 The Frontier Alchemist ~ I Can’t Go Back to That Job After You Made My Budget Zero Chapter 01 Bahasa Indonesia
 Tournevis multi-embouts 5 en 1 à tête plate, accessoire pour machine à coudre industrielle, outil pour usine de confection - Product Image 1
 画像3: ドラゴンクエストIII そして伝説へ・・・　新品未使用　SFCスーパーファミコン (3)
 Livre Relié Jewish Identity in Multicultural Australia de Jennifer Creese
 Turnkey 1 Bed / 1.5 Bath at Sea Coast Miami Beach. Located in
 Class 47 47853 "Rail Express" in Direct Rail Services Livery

------------------------------------------------

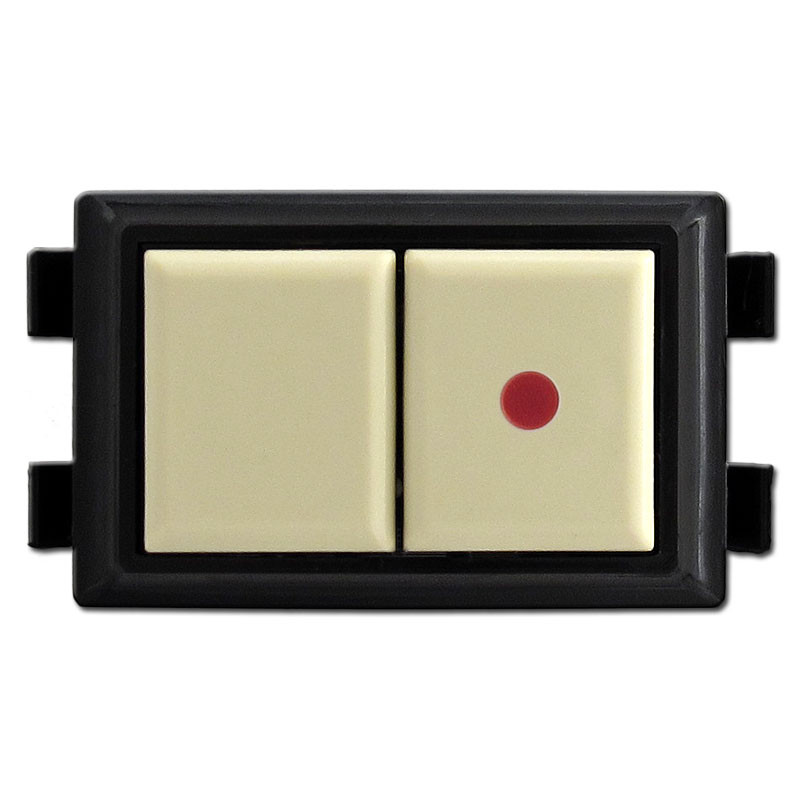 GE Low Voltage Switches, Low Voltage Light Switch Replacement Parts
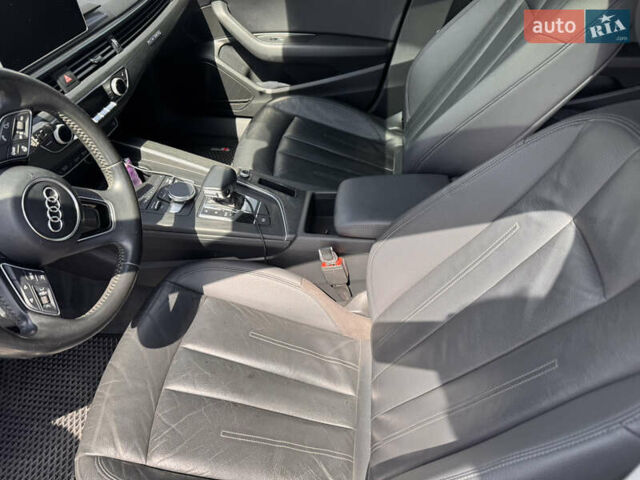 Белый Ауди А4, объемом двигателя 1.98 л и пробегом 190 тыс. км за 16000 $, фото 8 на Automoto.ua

------------------------------------------------

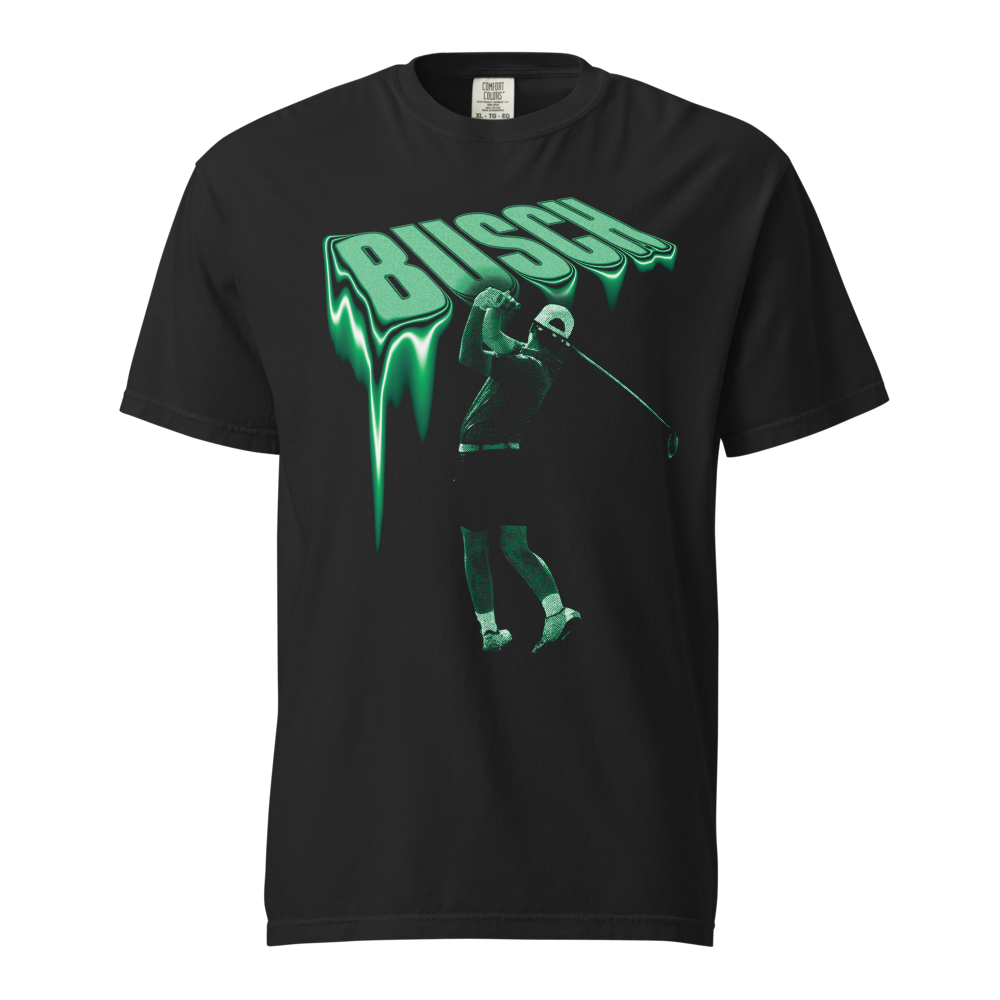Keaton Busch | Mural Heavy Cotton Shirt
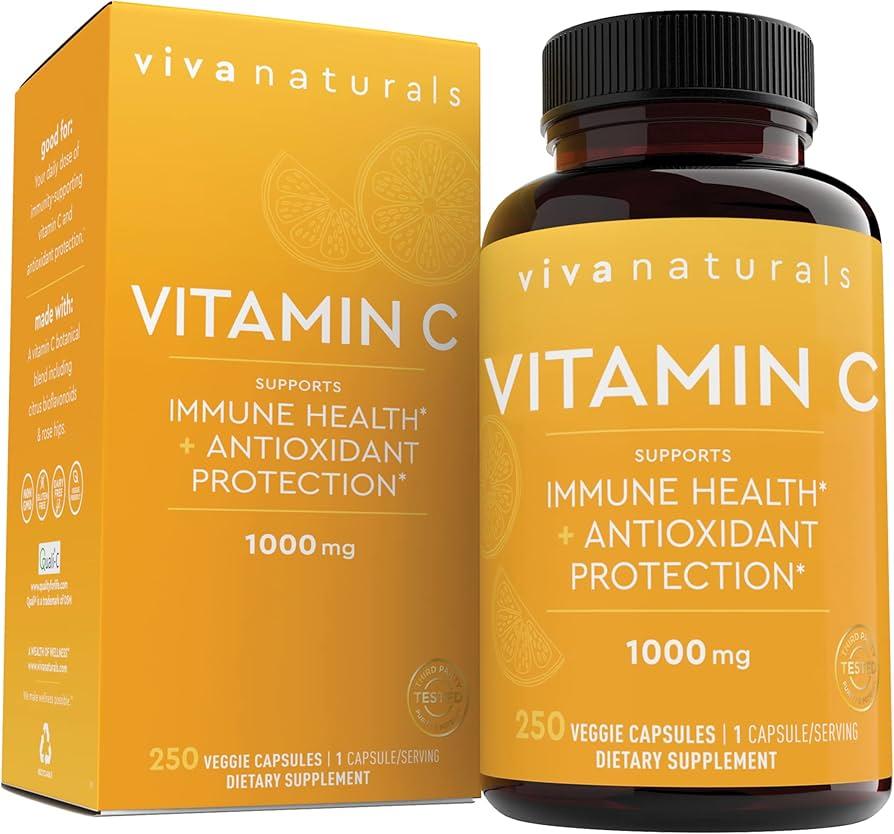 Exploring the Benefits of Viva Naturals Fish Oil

------------------------------------------------

Your goal
Could you reproduce exactly the lines of the entries above, from the one with "The Frontier Alchemist" through the one with "Class 47 47853", and nothing else?

Task solution
 The Frontier Alchemist ~ I Can’t Go Back to That Job After You Made My Budget Zero Chapter 01 Bahasa Indonesia
 Tournevis multi-embouts 5 en 1 à tête plate, accessoire pour machine à coudre industrielle, outil pour usine de confection - Product Image 1
 画像3: ドラゴンクエストIII そして伝説へ・・・　新品未使用　SFCスーパーファミコン (3)
 Livre Relié Jewish Identity in Multicultural Australia de Jennifer Creese
 Turnkey 1 Bed / 1.5 Bath at Sea Coast Miami Beach. Located in
 Class 47 47853 "Rail Express" in Direct Rail Services Livery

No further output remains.